=== EXERCISE ===
The whole listing, pictures aside, should be reproduced exactly.

=== AVAILABLE DATA ===
________________________________________

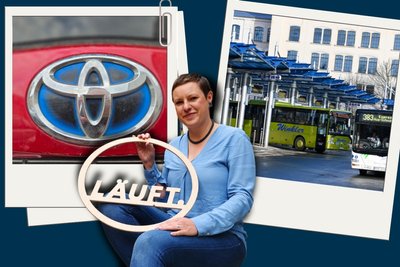 Toyota-Diebstahl, Busbahnhof-Verlegung und Kulturhauptstadt-Managerin: Was diese Woche in Chemnitz Thema war.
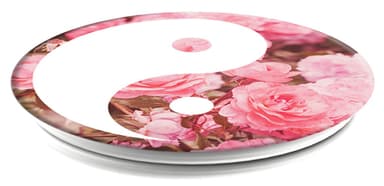 Popsockets greb til mobile enheder (yin yang roses)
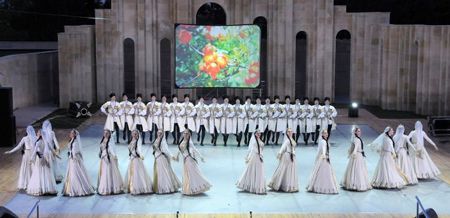 “Ləzginka” rəqs ansamblının 60 illiyi qeyd olunacaq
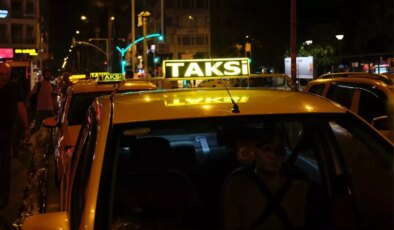 Taksicilere "mali cihaz" zorunluluğu geliyor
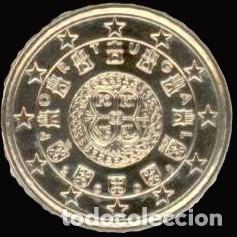 Euros: Portugal 10 cent 2008 Uncirculated UNC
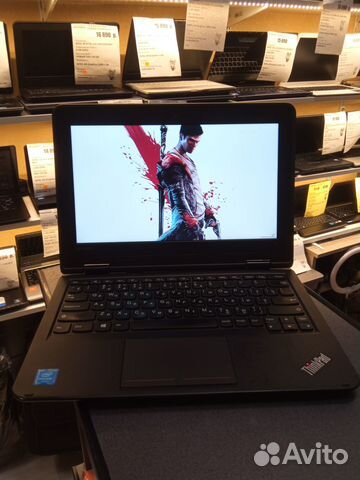 Надежный Ноутбук Lenovo ThinkPad для офиса / дома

________________________________________

=== ANSWER BELOW ===
 Toyota-Diebstahl, Busbahnhof-Verlegung und Kulturhauptstadt-Managerin: Was diese Woche in Chemnitz Thema war.
 Popsockets greb til mobile enheder (yin yang roses)
 “Ləzginka” rəqs ansamblının 60 illiyi qeyd olunacaq
 Taksicilere "mali cihaz" zorunluluğu geliyor
 Euros: Portugal 10 cent 2008 Uncirculated UNC
 Надежный Ноутбук Lenovo ThinkPad для офиса / дома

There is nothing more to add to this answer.